Sandie actually became involved in activities at Zion before I did as she helped with some youth activities and was in the choir.
Rodger was recruited as a substitute Sunday school teacher in 1978 by Darrell and Karleen Anderson. At that time there were almost 400 Sunday school students from three-year-olds to ninth grade, and classes were held at 8:45am and 10am. Zion was located in town (in the building now occupied by the Assembly of God congregation) and classes met in the ‘Sunday School addition,’ which had recently been completed, and in the church basement.
He became a 5th grade teacher in the 1979-80 school year, and has taught 5th or combined 5th and 6th grade classes during the later worship service since that time.
I believe that God calls us to share His word, and in particular the Gospel of Jesus, with our children.
Rodger finds that time spent preparing lessons and answering the students’ questions to be personally beneficial and sanctifying.
Over the years, Rodger worked alongside many volunteer superintendents including Darrell Anderson, Frank Pfeifer, Sue Marsh, Sally Swanson, Cheryl Mager, and many others. Rodger remembers when Becky Hokenson started her position as Zion’s first paid Director of Youth and Education.
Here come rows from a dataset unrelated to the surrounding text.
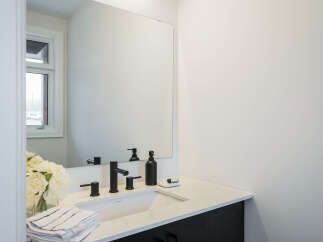 This modern bathroom features a sleek vanity with a quartz countertop and a minimalist black faucet.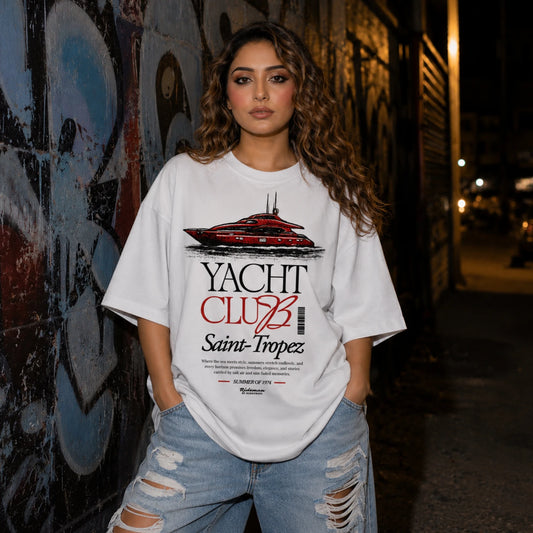 Woman wearing white Yacht Club Saint-Tropez oversized tee with ripped denim jeans
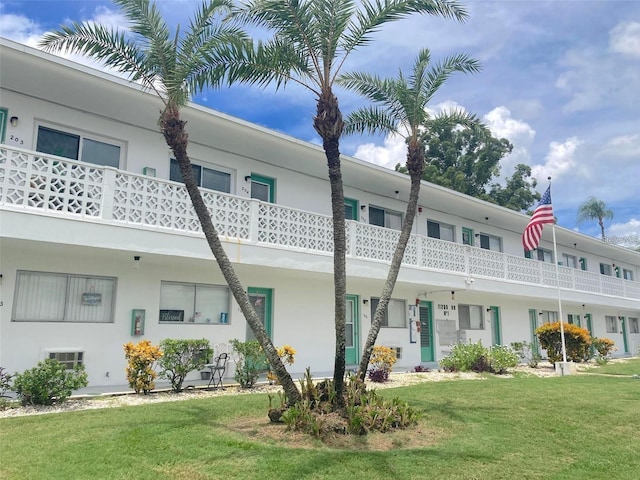 view of front of home with a front lawn and a balcony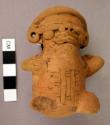 Torso of red incised humpback; legs broken; one hand holding vessel to shoulder;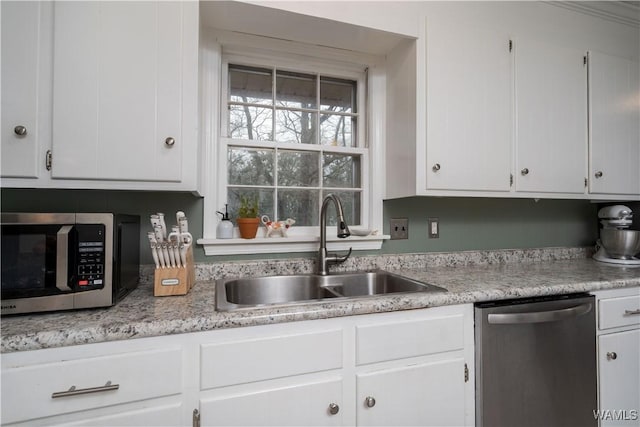 kitchen featuring stainless steel appliances, sink, and white cabinets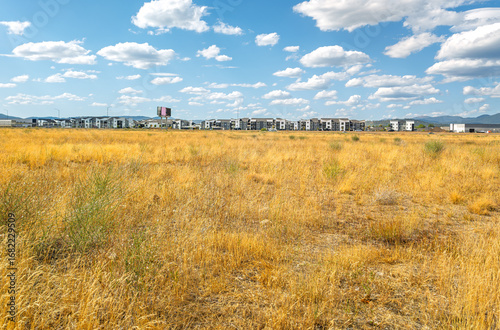 Rows of new construction townhomes and condominiums can be seen on the other side of a highway from a dry grass field on the American prairie.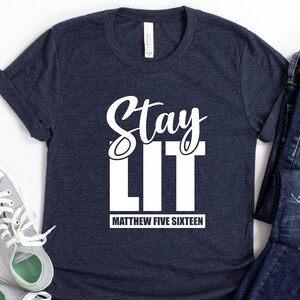 以下が含まれることがあります： 白い文字で「Stay Lit」と「Matthew Five Sixteen」と書かれたネイビーブルーのTシャツです。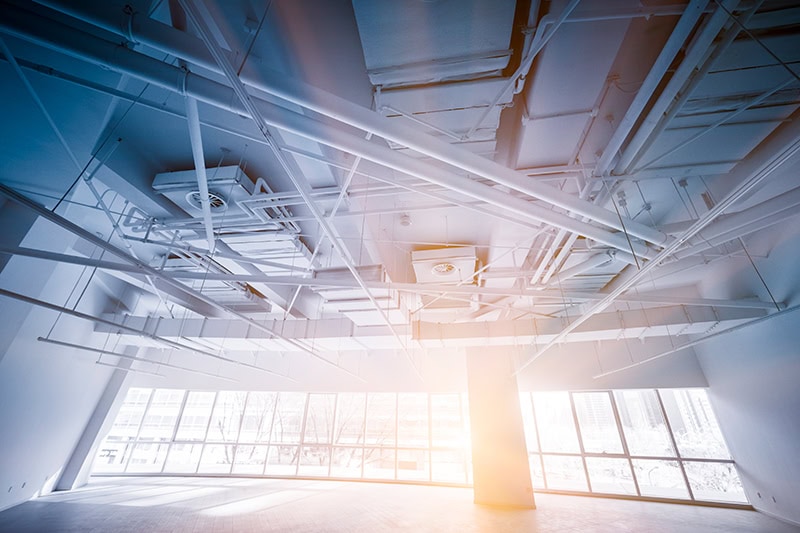 The exposed ceiling infrastructure of a large, empty commercial space or office building is shown from a low angle.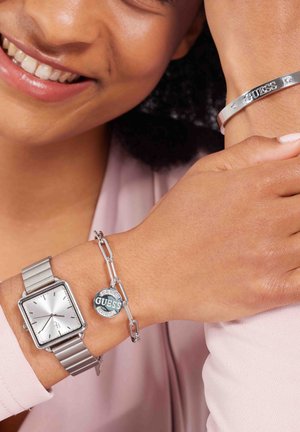 Zilveren horloge met een vierkante wijzerplaat en een metalen band, gecombineerd met een zilveren kettingarmband met een "GUESS" hangertje en kleine heldere accenten.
For several years one staff person was responsible for both children’s ministry and youth ministry.
Paul [Harmon, youth director from 1982-1984] was the person who pushed for the separation of the youth positions and under his direction a job description was drafted for the Christian Education Coordinator [which was first filled by Julie Kassulke].
When Rodger first started teaching Sunday school, the congregation was much smaller, so the classes were smaller and he was able to get to know more of the parents. Fire drills were held each year during class. Perfect attendance and faithful attendance (missing no more than three Sundays) used to be very important. Pins were awarded at the end of the year, and many students would report attendance at another church if they went out of town.
I remember the antics of a 5th grade boy who would hide in the upper shelf in the bedroom of the old parsonage (which was being used as a classroom); a student who didn’t respond much until one of the last sessions, which involved art, and then he really shined; and the differences between classes, especially that the girls were usually ahead of the boys, but once in a while there would be a class where the boys were ahead.
Around 1988, Roger worked with Ken Ogden, Marcia Wold, Joel Squadroni, and Kim Gleason on curriculum for 5th grade communion instruction which was based on Luther’s Small Catechism, Welcome to the Lord’s Table by Augsburg, and The Lord’s Supper: a Lutheran Heritage Booklet by Augsburg.
Rodger has also been involved with junior high (and more recently middle school) canoe trips since they began around 1987.
I have been very blessed to have been able to work in the different areas of ministry to youth at Zion. May God receive the Glory for all efforts; He is the one who calls us, and gives us the faith to accept His salvation in Jesus. May we remember that the children are His before they are ours.